Since b contains at least one 0, we have b=x.0.(1^t) and then d = x.1.(0^t).
Buit then m+1 = 1.a.1.a.1.x.1.(0^t) =1.a.1.x.0.(1^t).1.a implies that 
a=0^t and cancelling leads to a.1.x =x.0.(1^t).
If I'm not wrong the solutions of this are exactly: a = 0 and x = (01)*. 
This leads to n = 101(01)*0110, i.e. n = (2^(2k+1) +2)/3.
A closer look reveals that n occurs already at m and m+1 for m = 
(n-2)/4, so that these n are early bird with respect to both definitions.

3.1.2.: Since n >= 2m+1 and m>0, we can't have n = m+1.

3.2.1.1: We can indeed have n = m+1, e.g. for n=22:
If m+1 = 1.c.1.a.1.b  +1 = 1.a.1.b.1.c = n, then  length(c)=length(b)+1, 
i.e. writing c = 0^s, b = 1^(s-1) and a = 0^t we have
m+1 = 1.0^s.1.0^t.1^s + 1 = 1.0^s.1.0^(t-1).1.0^s   and n = 
1.0^t.1^(s+1).0^s, which implies s=t and after some cancellation 
1.0^(s-1) = 1^s, i.e. s=1.
Then n = 1.0^t.1.1^(s-1).1.0^s = 1.0.1.1.0 = 22.

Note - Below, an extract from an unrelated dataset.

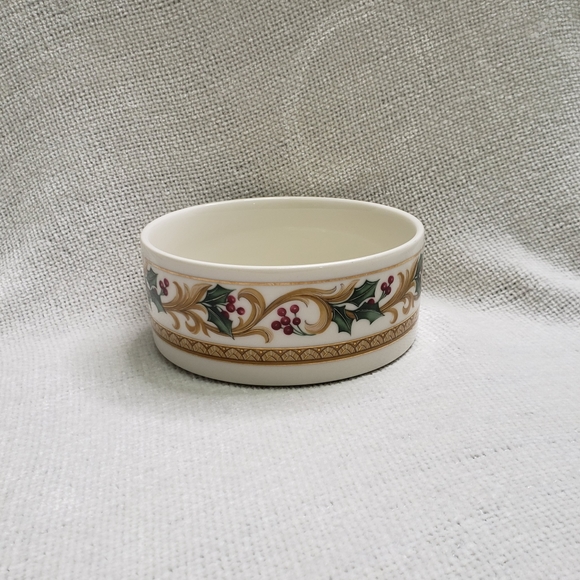 Candy Bowl Dish Round Powder Trinket Box Mikasa Holiday Orchard Vintage 1980s - Picture 6 of 8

3.2.1.2.1: We have n >= 2m+1, hence can't have n=m+1

3.2.1.2.2: m has only length(c) digits, but n has at least length(c) + 3 
digits, hence we can't have n=m+1.

3.2.2: Again n >= 2m+1, hence can't have n=m+1


In summary:
(Unless I have yet mised a subsubsubcase...) my characterization of 
early bird and punctual numbers > 3 remains valid with one possible 
exception:
Whether or not 22 is an early bird, depends on the exact interpretation 
of the definition: Must (the binary representation of) n occur merely 
before its natural position or must it additionally be disjoint with its 
natural position (i.e. occur in the string made from 0,1,...,n-1)?


Thanks again for hinting me at the discrepancy
Hagen